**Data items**
==*==

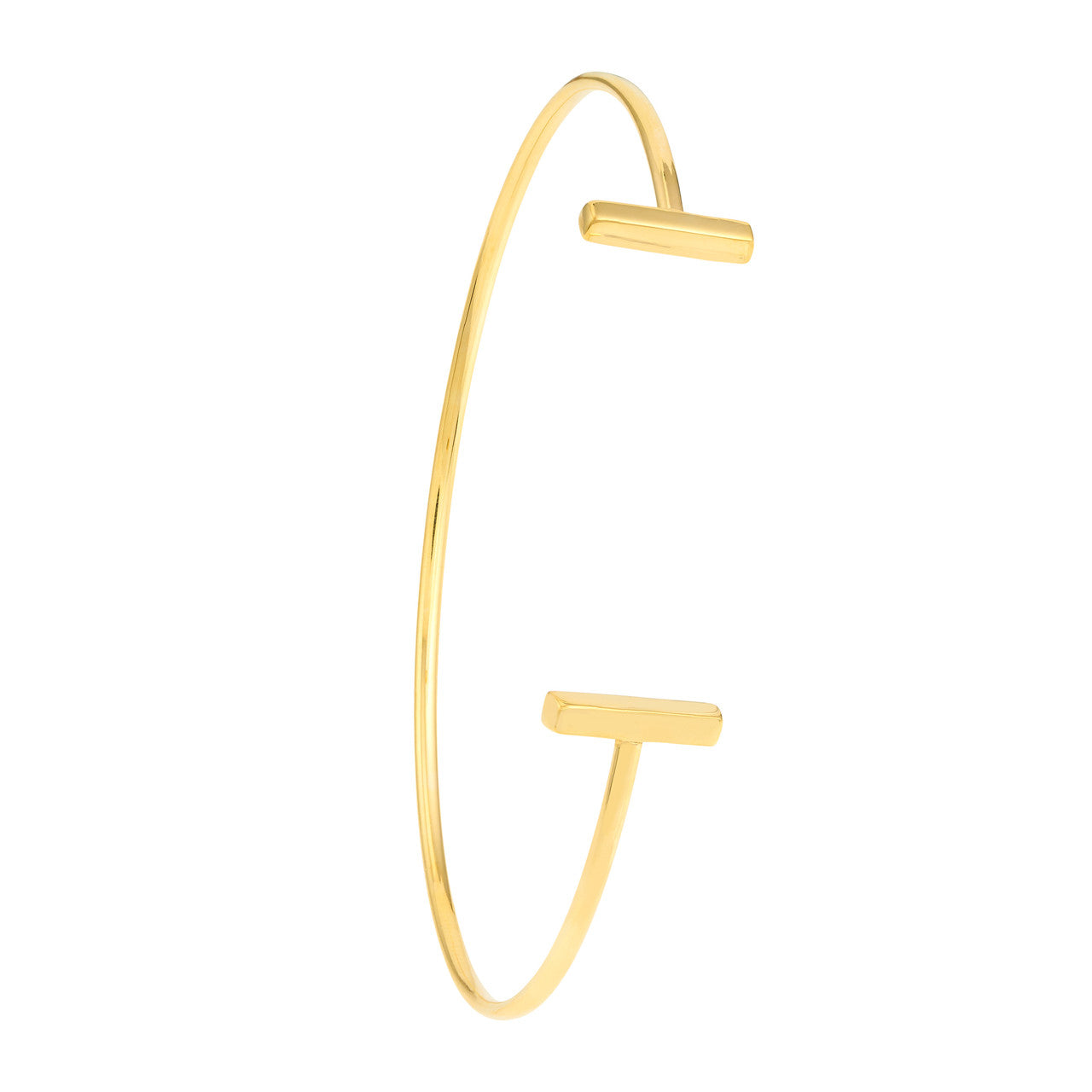 Staple Bar Cuff Bangle - Yellow 11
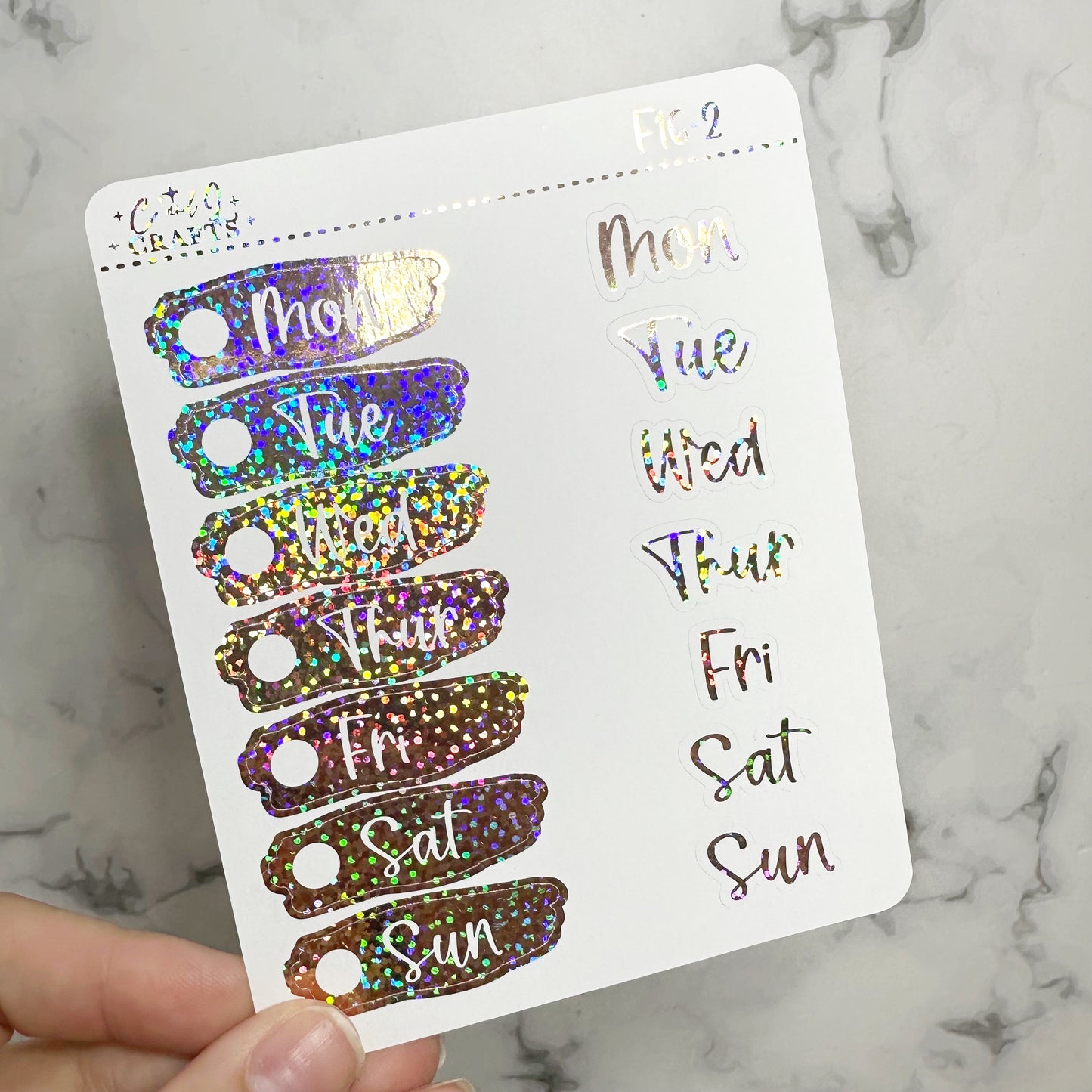 Font 16 Foil Stickers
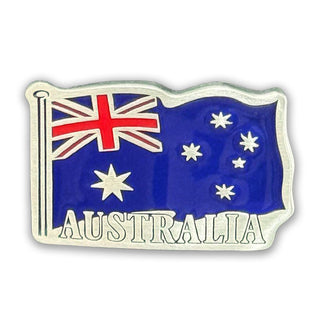 Pewter Belt Buckle Australian Flag - Large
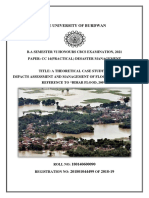 The University of Burdwan: B.A Semester Vi Honours Cbcs Examination, 2021 Paper: CC 14 (Practical) Desaster Management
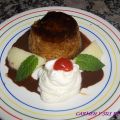 PUDIN DE MANZANA CON SALSA DE CHOCOLATE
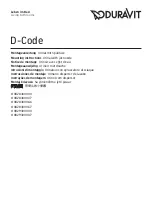 DURAVIT D-Code 0828300000 Mounting Instructions предпросмотр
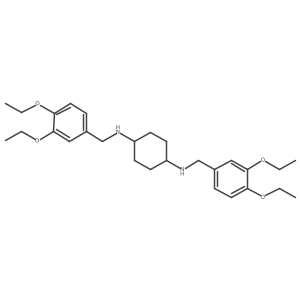 Rel-(1R,4R)-N1,N4-bis(3,4-diethoxybenzyl)cyclohexane-1,4-diamine结构式
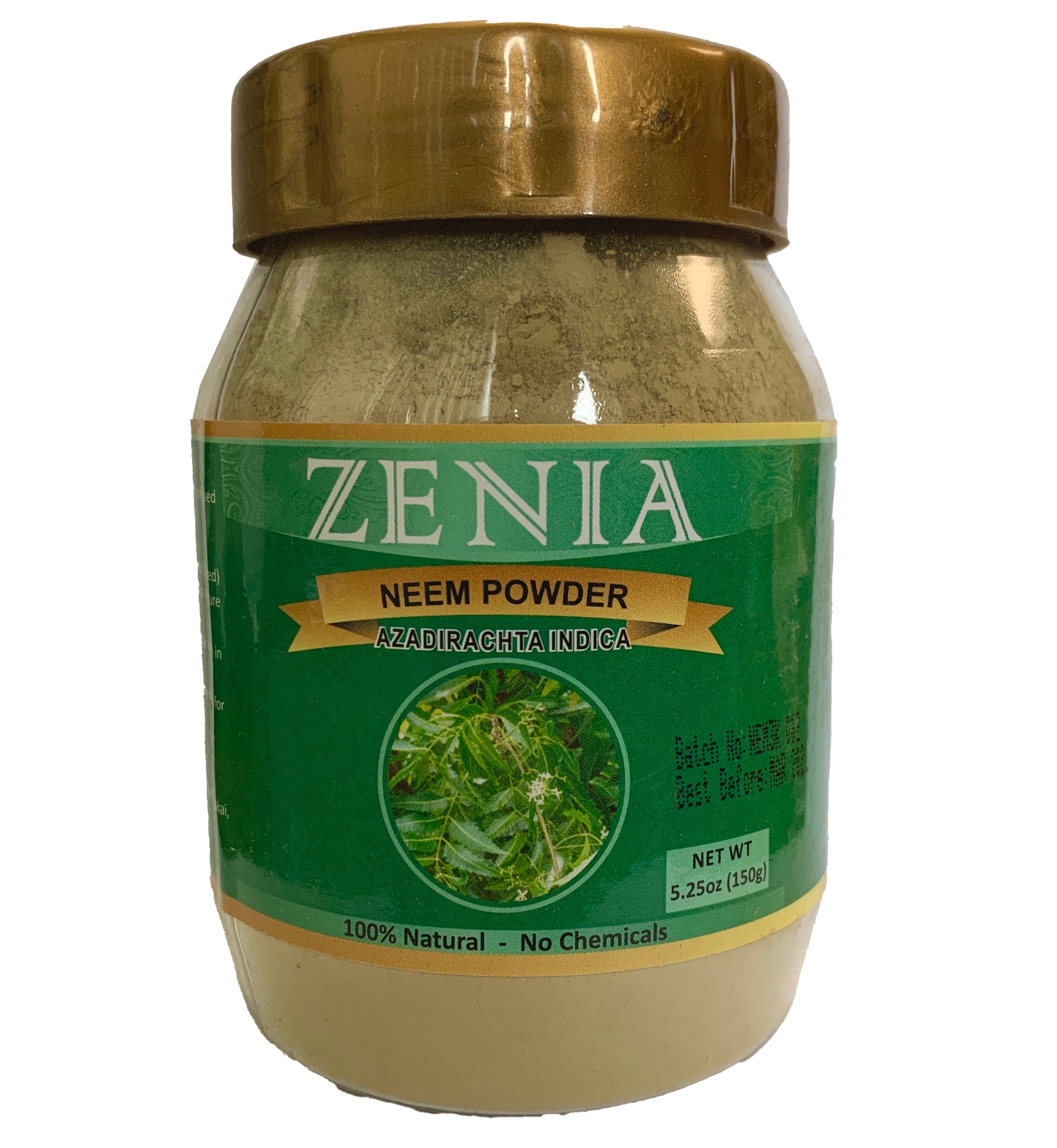 Zenia Pure Neem Powder Jar Edible Grade For Hair, Skin, Health Care
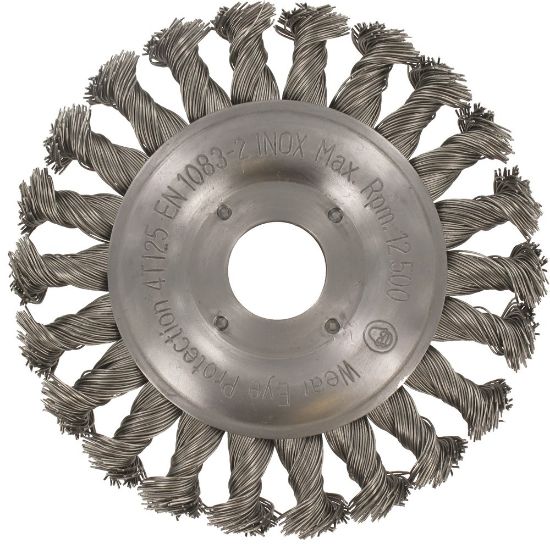 Afbeeldingen van ROTEC Rondborstel getordeerd RVS-draad 22,22MM 180X0,5MM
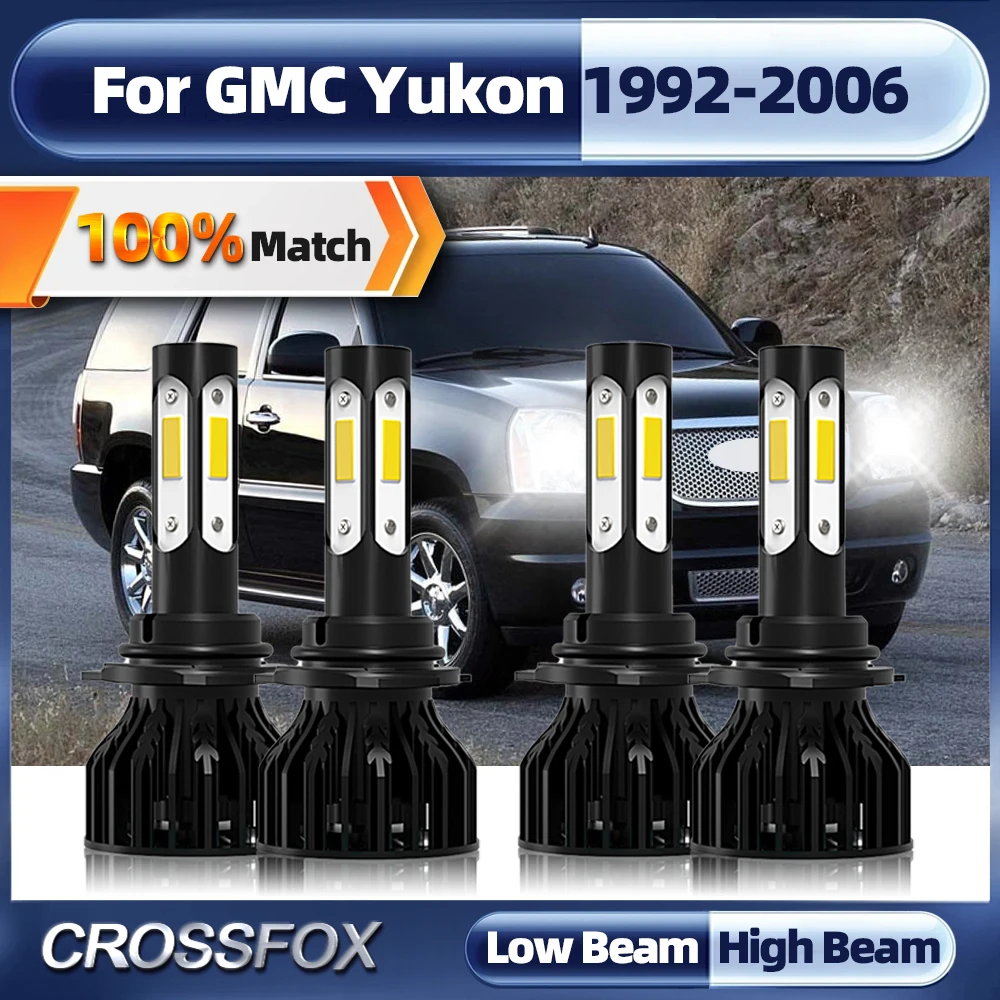 

240W 40000LM Canbus Led Headlight 9005 9006 HB3 HB4 Turbo Lamp High Low Beam For GMC Yukon 1992-2001 2002 2003 2004 2005 2006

==*==

**PROBLEM DETAILS**
Extract word for word every line from the line that contains "Pewter Belt Buckle Australian Flag - Large" to the final line of the data, both included, and nothing else; skip the pictures.

**YOUR SOLUTION**
 Pewter Belt Buckle Australian Flag - Large
 The University of Burdwan: B.A Semester Vi Honours Cbcs Examination, 2021 Paper: CC 14 (Practical) Desaster Management
 PUDIN DE MANZANA CON SALSA DE CHOCOLATE
 DURAVIT D-Code 0828300000 Mounting Instructions предпросмотр
 Rel-(1R,4R)-N1,N4-bis(3,4-diethoxybenzyl)cyclohexane-1,4-diamine结构式
 Zenia Pure Neem Powder Jar Edible Grade For Hair, Skin, Health Care
 Afbeeldingen van ROTEC Rondborstel getordeerd RVS-draad 22,22MM 180X0,5MM

240W 40000LM Canbus Led Headlight 9005 9006 HB3 HB4 Turbo Lamp High Low Beam For GMC Yukon 1992-2001 2002 2003 2004 2005 2006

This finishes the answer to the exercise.